M. Jean-Marc Gabouty. Madame la présidente, monsieur le ministre, mes chers collègues, dans le cas d’échanges transfrontaliers, on assiste à des fraudes à la TVA, notamment à des fraudes carrousel. Depuis une dizaine d’années, la stratégie de l’administration fiscale consiste à réprimer également le comportement du fournisseur ou de l’acquéreur qui aurait traité sciemment avec des clients ou des vendeurs défaillants.
Cette approche est tout à fait pertinente ; elle a un effet dissuasif et permet de sanctionner tout acte de complicité avéré, qui peut alors faire l’objet d’un redressement fiscal, mais aussi d’une procédure pénale. Il s’agit là de procédures totalement indépendantes, ce qui ne pose pas de problème de principe si leurs résultats sont convergents.

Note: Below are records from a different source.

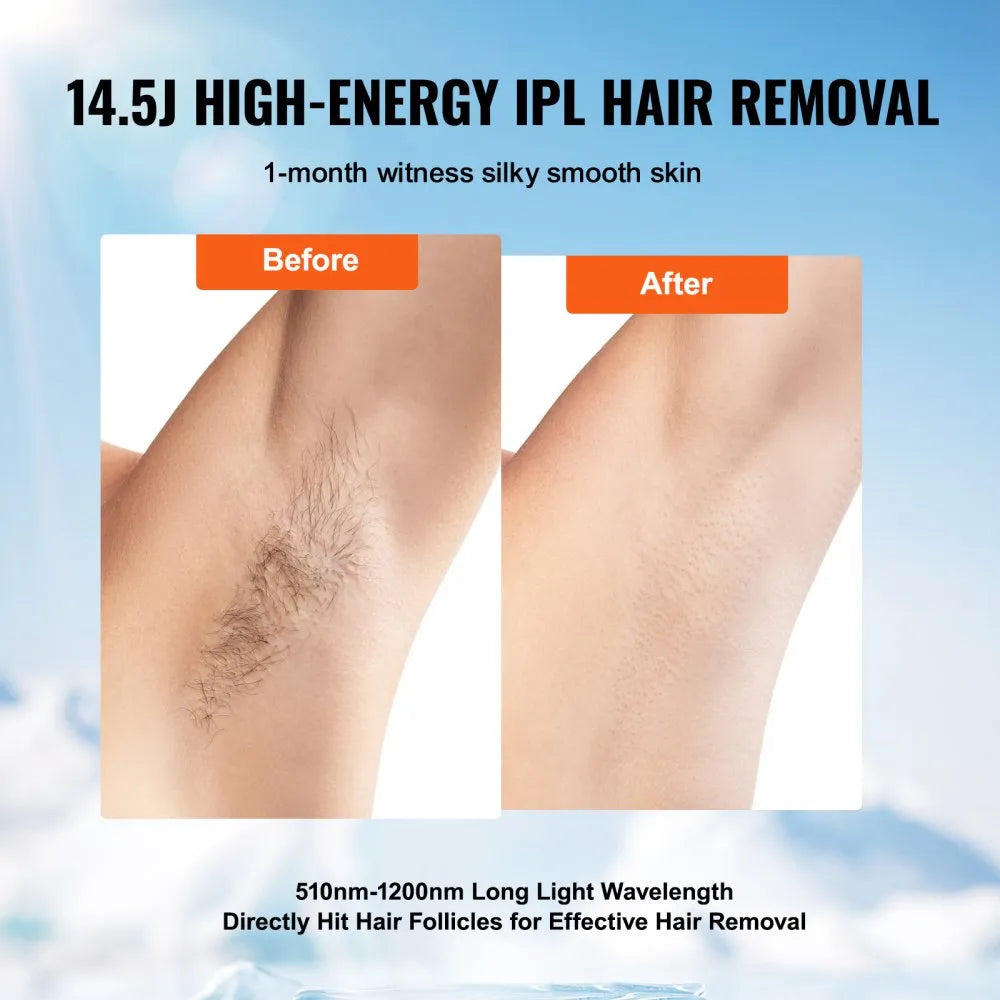 T021K IPL Hair Removal Device with Sapphire Ice Cooling, 17J, 400,000 Flashes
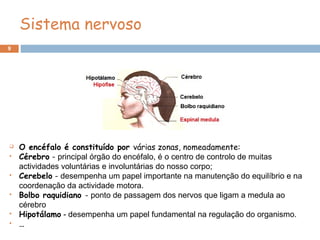 9
Sistema nervoso
 O encéfalo é constituído por várias zonas, nomeadamente:
 Cérebro - principal órgão do encéfalo, é o centro de controlo de muitas
actividades voluntárias e involuntárias do nosso corpo;
 Cerebelo - desempenha um papel importante na manutenção do equilíbrio e na
coordenação da actividade motora.
 Bolbo raquidiano - ponto de passagem dos nervos que ligam a medula ao
cérebro
 Hipotálamo - desempenha um papel fundamental na regulação do organismo.
 …
 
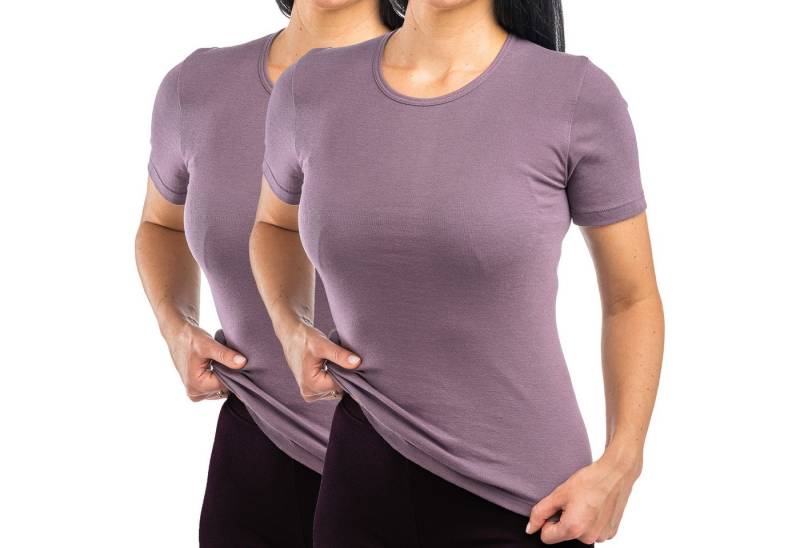 HERMKO Unterziehshirt 17800 Damen kurzarm Unterhemd 2er Pack (Weitere Farben) von HERMKO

En revanche, une entreprise dont l’absence de complicité a été reconnue et dont la responsabilité a été entièrement dégagée dans le cadre de la procédure pénale, dont la bonne foi a donc été admise, peut faire l’objet d’un redressement fiscal maintenu, en particulier si l’entreprise fraudeuse a disparu ou a organisé son insolvabilité. L’administration fiscale se retourne alors vers celle qui a encore de l’argent, alors que sa complicité n’est pas avérée.
Pour les entreprises subissant cette double peine, qui concerne parfois des sommes qu’elles n’ont même pas encaissées, n’est-il pas indispensable de définir un dispositif d’harmonisation des procédures de manière à prévenir des dégâts collatéraux injustes ?
Le déploiement d’une stratégie d’implication des entreprises complices, parfaitement justifié, ne doit-il pas être mieux encadré pour éviter de mettre en difficulté des entreprises qui n’ont pas commis de fraude ? Ces cas sont minoritaires, mais ils existent.
Mme la présidente. La parole est à M. le ministre.
M. Gérald Darmanin, ministre de l’action et des comptes publics. Merci, monsieur le sénateur, d’avoir souligné l’efficacité des services fiscaux et de la stratégie adoptée depuis un certain temps sur la TVA, malgré les trous dans la raquette que nous allons combler.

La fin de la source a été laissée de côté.